A workaround to eliminate the background problem was developed and we used it to compare the results of ORA of seven datasets with the original and corrected methods for nine different gene set libraries. The mean number of statistically significant results was calculated for each of the gene set libraries before and after correcting the problem (Figure 1A). Each of the gene set libraries showed an uplift when correcting the background problem. The smallest increase was observed in Cellmarkers gene library (11.8%), while the largest increase was observed for HPO (224%). The similarity between results, as quantified with the Jaccard similarity, was highest for Cellmarkers and GTRD at 0.76 and 0.77 respectively, and the lowest similarity was recorded for HPO and KEGG with 0.20 and 0.48 respectively. Observed Jaccard scores correlated with the number of genes annotated to one or more functional categories in the gene set library (Figure 1B). This result suggests that ORA with smaller gene set libraries like HPO and KEGG are impacted more severely.

Figure 1A. Effect of correcting the background problem. Figures represent the mean number of statistically significant sets (FDR<0.05) over seven independent datasets detected with clusterProfiler with and without correcting the background problem. Separate tests for up- and down-regulated gene lists were conducted. The percent increase in significant sets are shown.

Figure 1B. Impact of the background problem is worse for smaller gene set libraries. Mean Jaccard similarity index was calculated for original and corrected ORA for seven independent datasets. The number of genes represented in one or more functional sets is shown on the x-axis, and the mean Jaccard index is shown on the y-axis.

Understanding the FDR problem

A workaround for the FDR problem was developed, then original and corrected analyses were conducted for the seven datasets and nine gene set libraries. Results showed no major differences in the number of significant sets between original and corrected analyses (Figure 2A).

We posited that the foreground gene list length might exacerbate the problem, so we performed parallel analysis with foreground lists of length between 125 and 2,000 genes (Figure 2B). A clear trend was observed for GO, Reactome, Cellmarkers and TFT GTRD, with Jaccard similarity being significantly reduced when foreground gene lists were shorter than 500 genes. Interestingly, the drop in Jaccard similarity was more severe for GO and Reactome sets as compared to Cellmarkers and TFT GTRD sets and may be associated with the size of the gene sets in the library. Median gene set size for these are GO:18, Reactome:11, TFT GTRD:287 and Cellmarkers:115. These results demonstrate that the FDR problem is more severe when dealing with shorter foreground lists, and this is exacerbated when functional categories in the gene set library are also small.

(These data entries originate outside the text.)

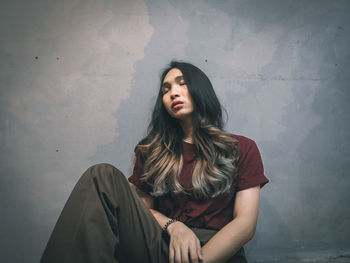 Portrait of beautiful young woman against wall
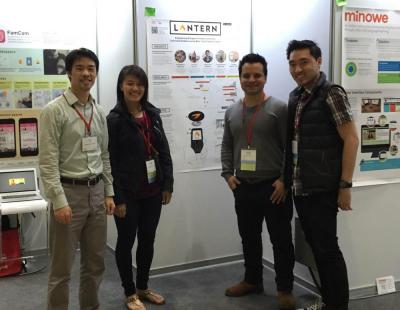 MHCI students standing in front of their Lantern poster at CHI.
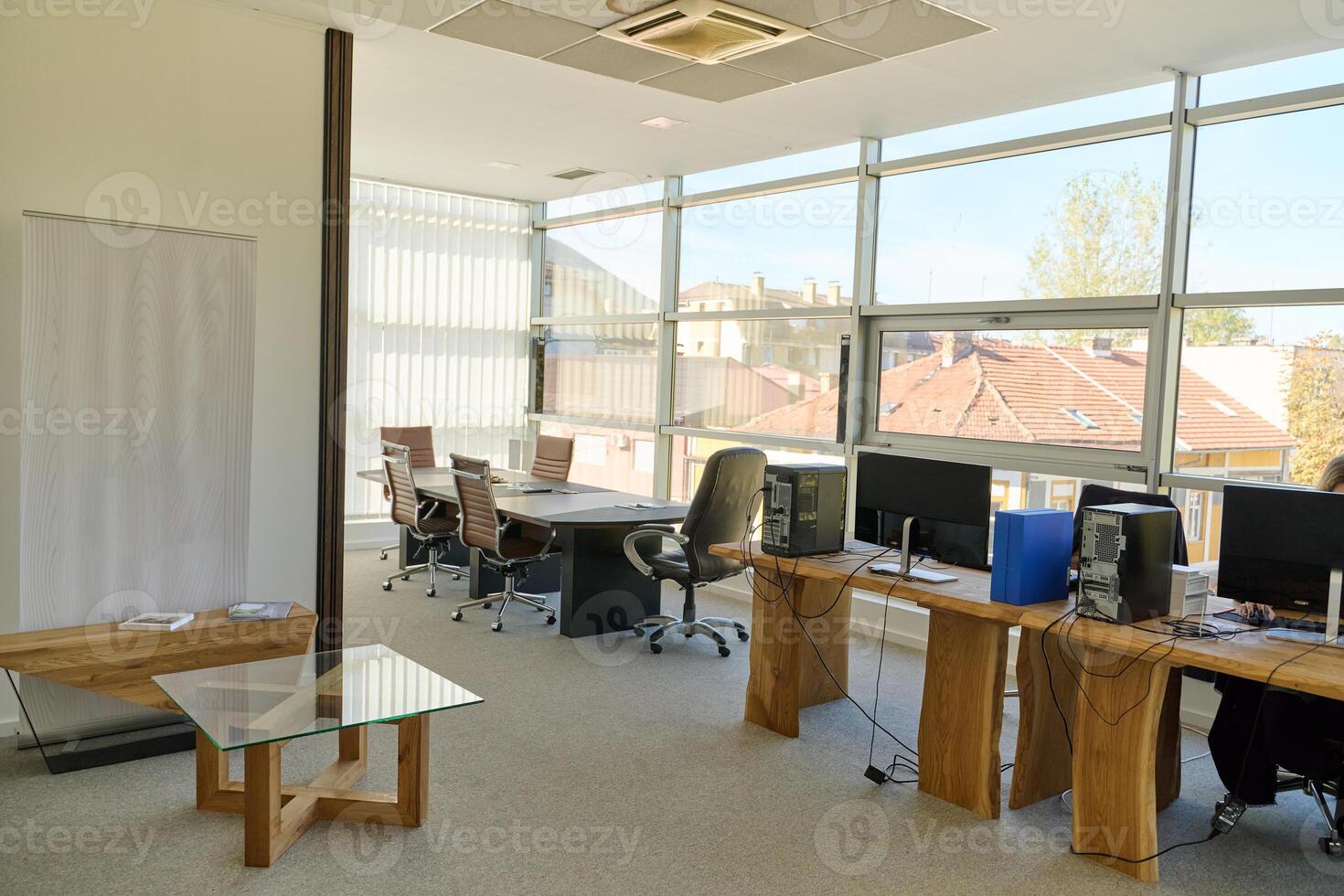 Modern Office Interior with Wooden Furniture, Conference Table, and Computers photo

Figure 2A. Effect of correcting the FDR problem. Figures represent the mean number of significant sets with and without correction of the FDR problem over seven independent RNA-seq datasets. Foreground list consisted of 2000 genes with the smallest p-values

Figure 2B. Impact of the FDR problem is worse for shorter foreground gene lists. Mean Jaccard index between original and corrected analysis were calculated for seven RNA-seq datasets and nine gene set libraries. Only GO, Reactome, Cellmarkers and TFT GTRD are shown.

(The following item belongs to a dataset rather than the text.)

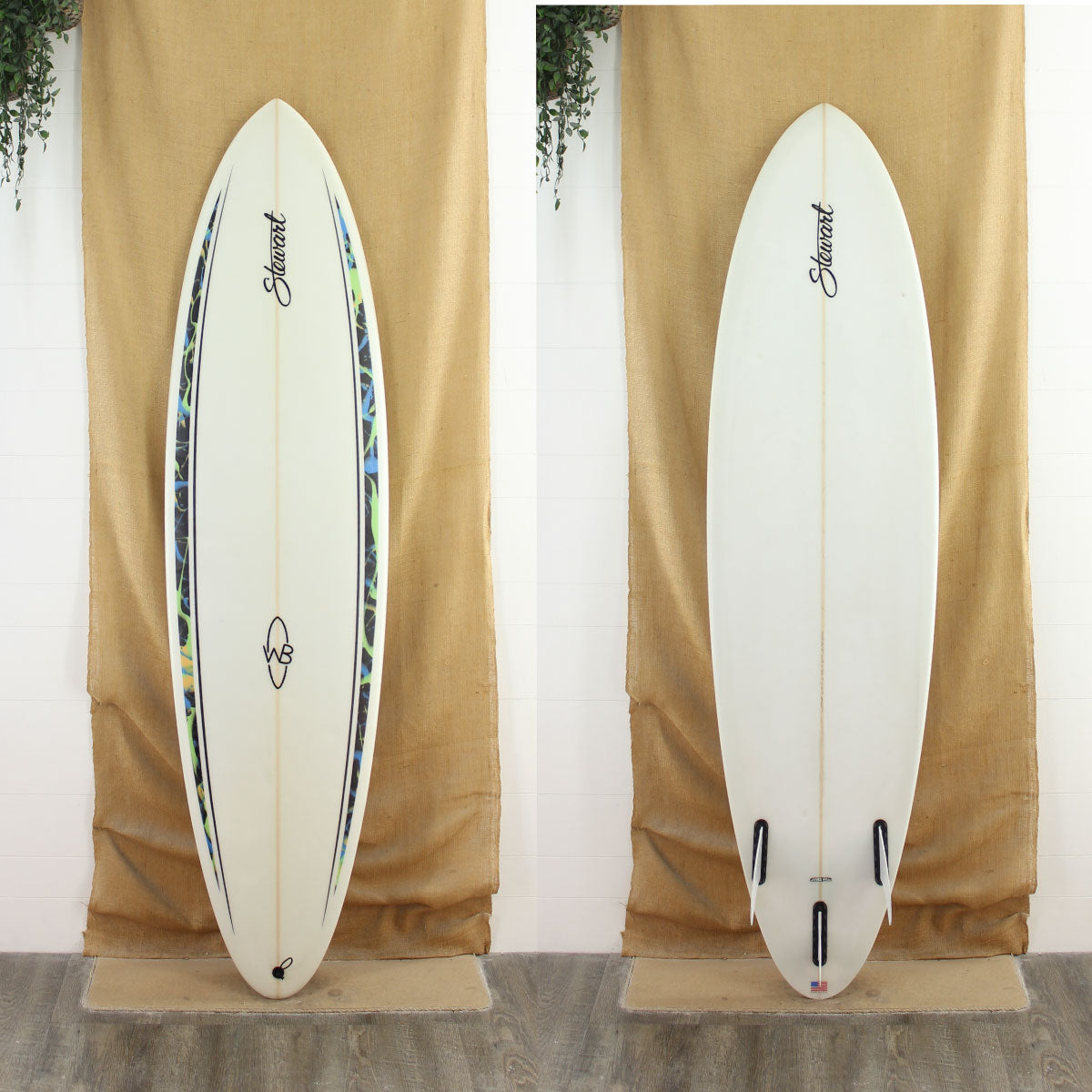 Deck and bottom view of a Stewart Wild Bill with a clear bottom and a clear deck with some green and blue artwork on the rails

Impact of these two problems on accuracy determined with simulated data

Simulated differential expression profiles with a priori changes to predetermined pathway genes were analysed in parallel by clusterProfiler default and with mitigations for problems described above. In addition, these data underwent ORA with fora which does not suffer from these two problems. For comparison, fgsea was used to compare the performance of these two ORA methods against a prototypical FCS method. These methods were tested with different levels of introduced variation and the mean precision, recall and F1 scores were recorded (Figure 3A). Mitigating the background problem improved recall (by 1.8%), however it caused a similar-sized decrease in precision (1.6% lower). Addressing the FDR problem improved precision by 9.9%, but the recall dropped by 7.7%. Addressing both problems improved precision by 8.2% but decreased recall by 5.4%. Under these conditions, the FDR problem affected results more severely than the background problem. Results obtained for clusterProfiler after implementing the two mitigations were identical to fora to three significant figures. fgsea recorded precision of 0.940, similar to the ORA methods, but recall was far superior, with fgsea scoring 22.9% higher than default clusterProfiler and 28.3% higher than fora. As a result, fgsea’s overall accuracy as defined by F1 index was 21.0% higher than fora and 18.6% higher than default clusterProfiler.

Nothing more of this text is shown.